▸ **ASSIGNED TASK**: Print exactly what appears from the line containing "Outsunny 9ft Hammock" through the final line of the data below, pictures excluded.

▸ **EXERCISE MATERIALS**:

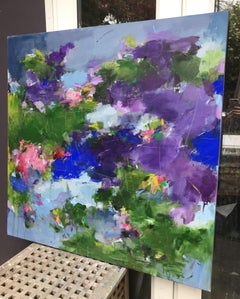 On a Rainy Day in My Garden, Gemälde, Acryl auf Leinwand
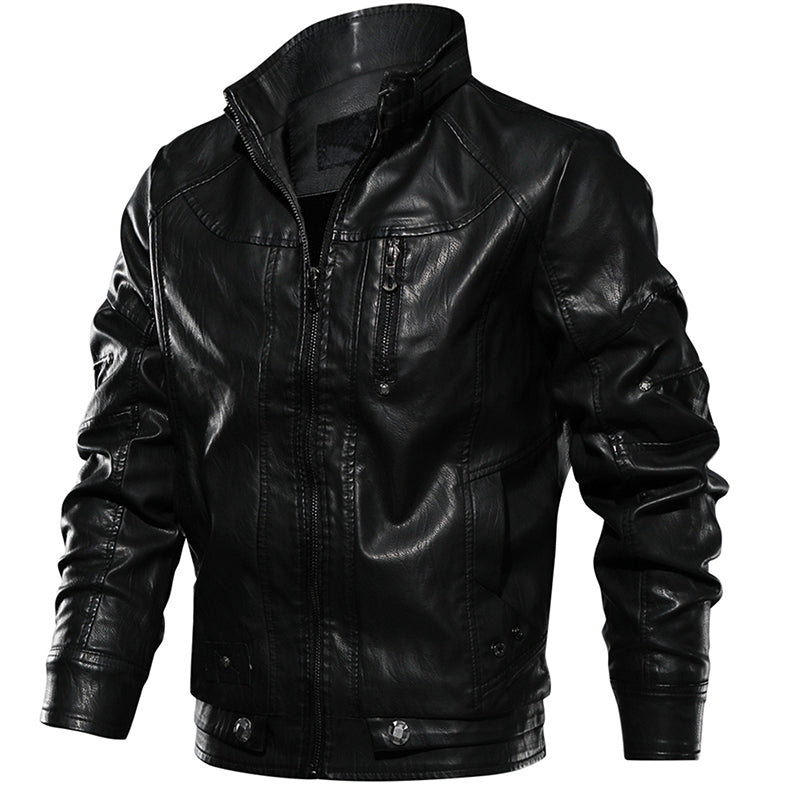 Men PU Leather Jacket Thick Motorcycle Leather Jacket Fashion Vintage Fit Coat - Carvan Mart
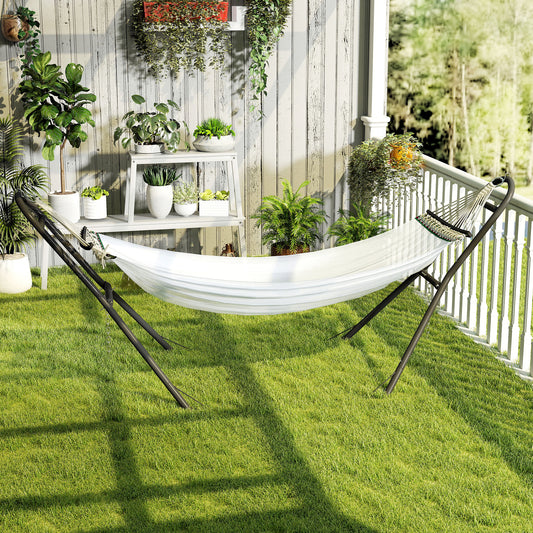 Outsunny 9ft Hammock Stand Adjustable Frame with Non Slip Feet for Indoor Outdoor 250 Kg Capacity Black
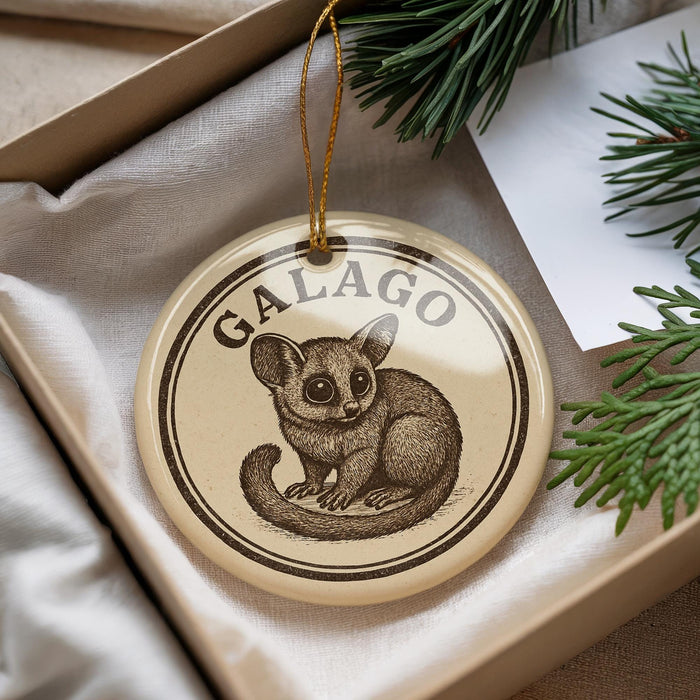 A circular ornament with a drawing of a small animal, possibly a rodent or a cat-like creature, is displayed in a box with pine branches.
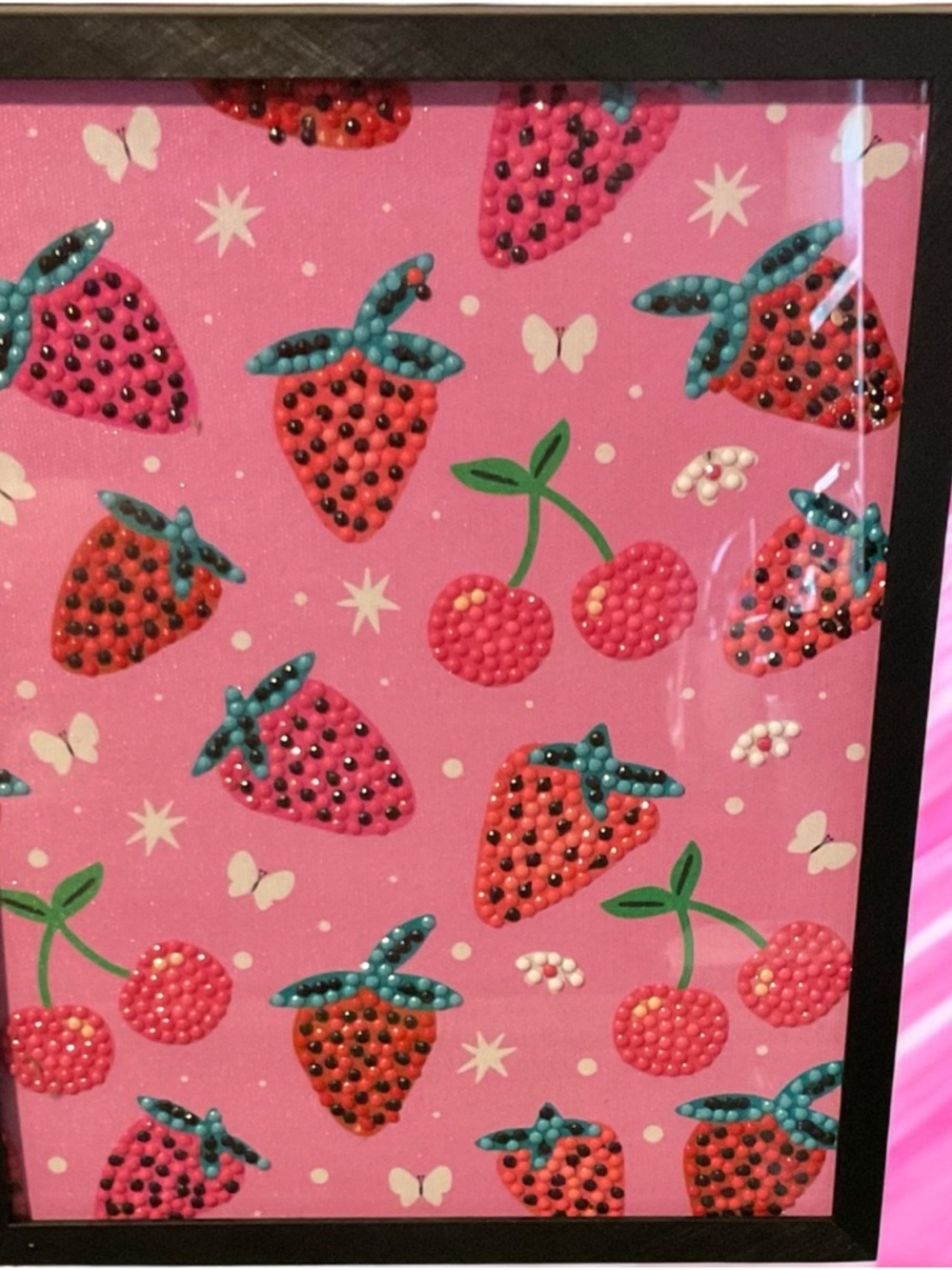 Framed Strawberry Wall Art Pink Beaded Mosaic Decor | Cute Room Aesthetic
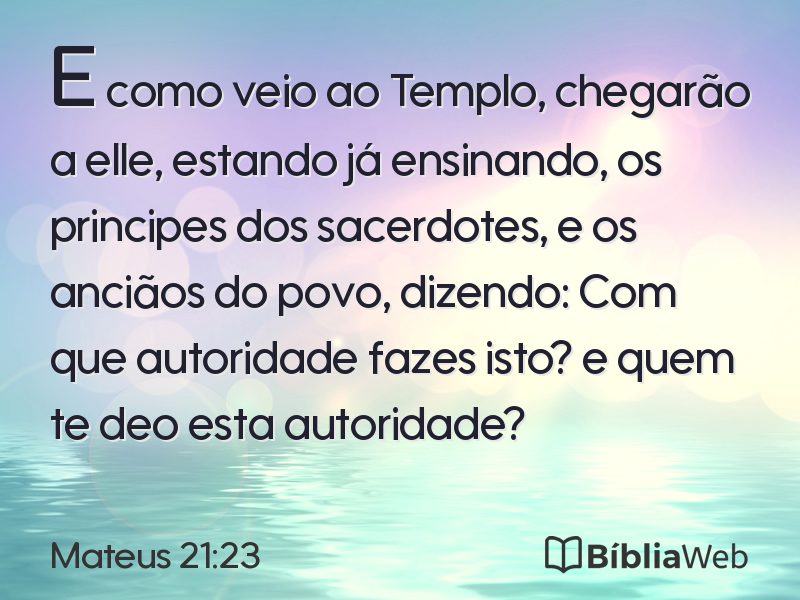 Mateus 21:23 em imagem para compartilhar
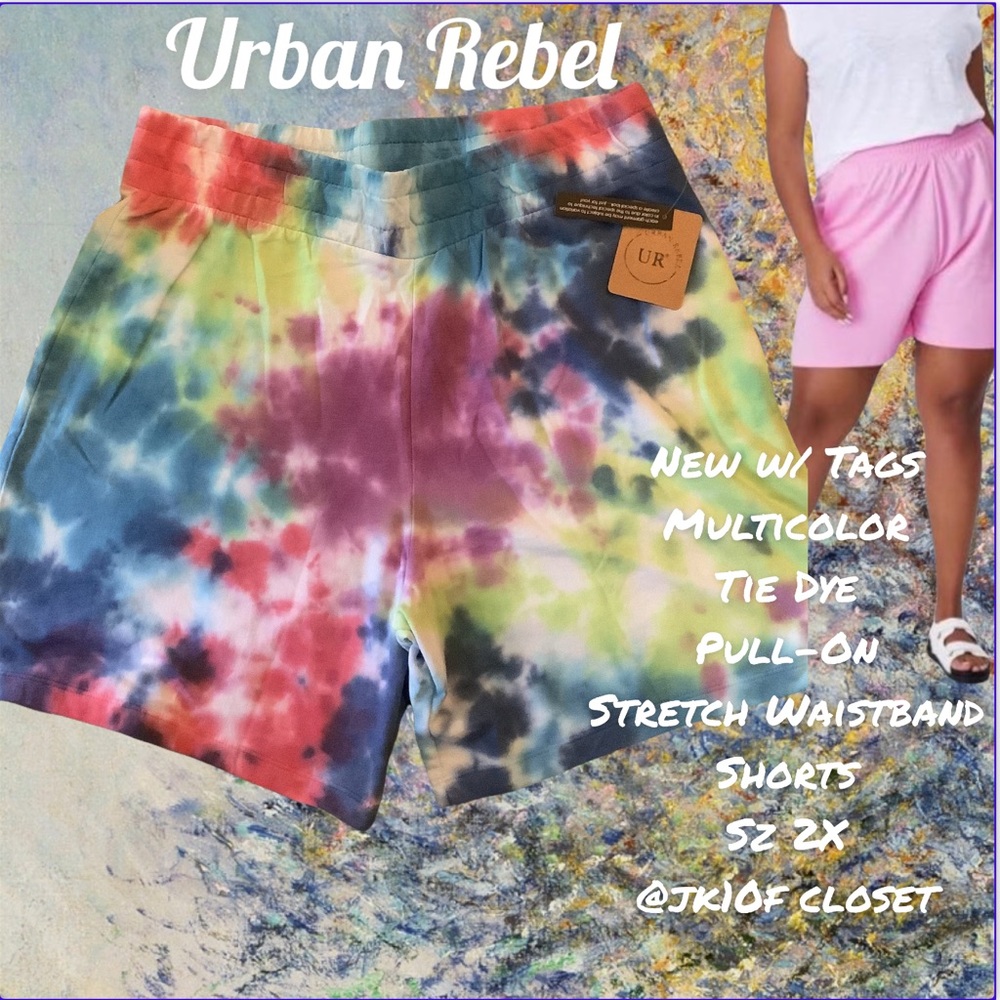 LOWEST🌺 NWT URBAN REBEL 2X TIE DYE STRETCH SHORTS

▸ **RESPONSE AREA**:
 Outsunny 9ft Hammock Stand Adjustable Frame with Non Slip Feet for Indoor Outdoor 250 Kg Capacity Black
 A circular ornament with a drawing of a small animal, possibly a rodent or a cat-like creature, is displayed in a box with pine branches.
 Framed Strawberry Wall Art Pink Beaded Mosaic Decor | Cute Room Aesthetic
 Mateus 21:23 em imagem para compartilhar
 LOWEST🌺 NWT URBAN REBEL 2X TIE DYE STRETCH SHORTS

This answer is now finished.